15 novembre 2016 ore 13:14, Luca Lippi
Pronto  il sequel del personaggio dei fumetti Marvel nel secondo capitolo della saga, parliamo di Deadpool, un mercenario interpretato da Ryan Reynolds  che si sottopone a un esperimento per guarire dal cancro, da cui ottiene inoltre il fattore rigenerante.
Ryan Reynolds ha avuto un successo inaspettato. Nella scena finale del film, esattamente dopo i titoli di coda,  Deadpool esce fuori da una camera in accappatoio e si rivolge agli spettatori intimandoli a lasciare la sala; aggiunge che ci sarà un sequel con Cable e fantastica sull'eventuale attore che lo interpreterà. Infine ricorda loro di non lasciare spazzatura sulle poltrone.
L'attore canadese, è pronto a vestire nuovamente la tuta del personaggio dei fumetti Marvel nel secondo capitolo della saga, e ha raccontato di aver passato dei momenti difficili al termine delle riprese nell'estate 2015: "Mi sentivo come se fossi in qualche scialuppa nel bel mezzo di una burrasca. Mi sentivo davvero poco bene. Quando è finalmente finita, ho avuto un po' di esaurimento nervoso".
Nell'intervista al magazine GQ Ryan Reynolds ha aggiunto: "Sono andato da un medico perché mi sentivo come se fossi stato colpito da un problema neurologico o qualcosa del genere. E ogni medico che mi ha visto ha detto, 'hai l'ansia'. Riconosco di aver avuto fortuna nel girarlo, ma certa ansia è difficile da sopportare per il sistema nervoso, motivo per cui io viva nel bosco. Stavo andando troppo oltre le mie capacità di sopportazione per Deadpool. Stavo cercando di farne un fenomeno culturale".

Reynolds con Deadpool2 ha vinto 'l’ansia”: l’eroe di Marvel più forte di prima

Si è ripreso completamente Ryan Reynolds, reinterpretando Deadpool e forse anche se stesso, unica pecca (forse) Tim Miller che ha abbandonato la regia, infatti Deadpool 2 per via di divergenze creative col produttore e protagonista Ryan Reynolds è la fine dell’eseprienza del registra con Ryan Reynolds.
Con tutta probabilità, nessuno saprà mai realmente la causa del loro litigio, ma l’attore ha comunque delle parole molto diplomatiche nei confronti del regista. 
Ha infatto dicharato a GQ: "Tutto ciò che posso aggiungere è che sono veramente molto triste di vederlo fuori dal film. Tim è brillante, e nessuno ha lavorato più duramente di lui su Deadpool".
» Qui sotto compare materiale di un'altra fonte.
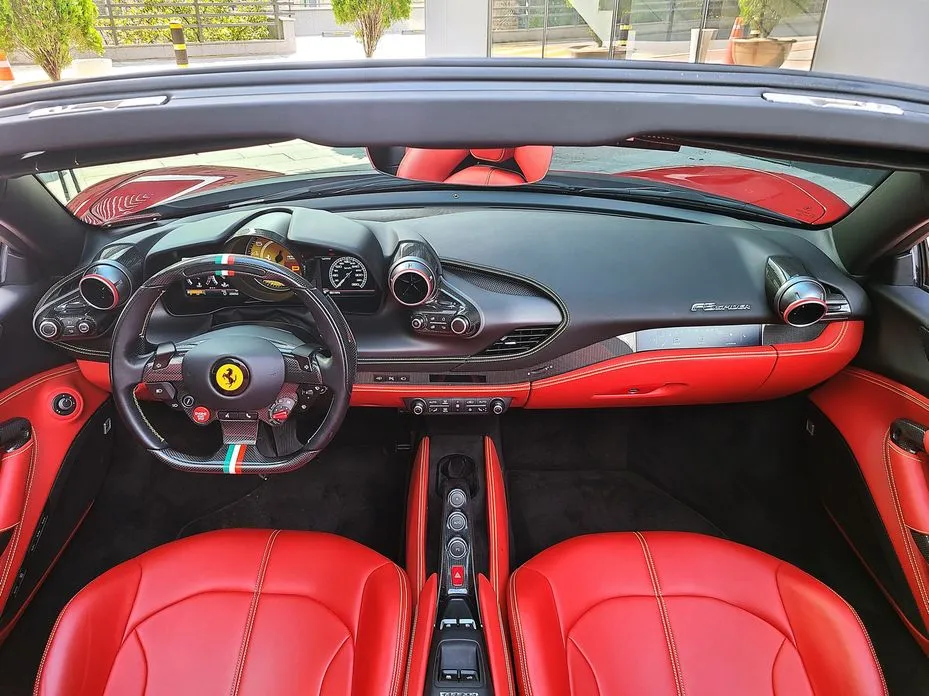 Ferrari F8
Ha proseguito Reynolds, spiegando il suo attaccamento al progetto e la propria necessità di avere il controllo in riferimento al primo film: "Io so quando devo esercitare il controllo, e quando invece non devo farlo. Non sarei andato da Tim per dirgli, 'Gli effetti visivi di Deadpool devono essere fatti in questo modo'. Lui è un mago degli effetti visivi. Ma ci sono cose nei personaggi e nelle tonalità che io conosco molto bene. Io sono con questa cosa da più tempo di tutti gli altri, a parte le persone che hanno scritto i fumetti. Ho impiegato 11 anni a spingere questa roccia su per la collina, e continuava a rotolare indietro. Quindi la terrò fottutamente d’occhio dal momento in cui inizia fino a quando non finisce».
Insomma, qualsiasi regista deciderà di prendere la Fox, è chiaro che dovrà vedersela con la supervisione di Reynolds. Riusciranno a trovare l’uomo giusto? Deadpool 2, è attualmente programmato per marzo 2018.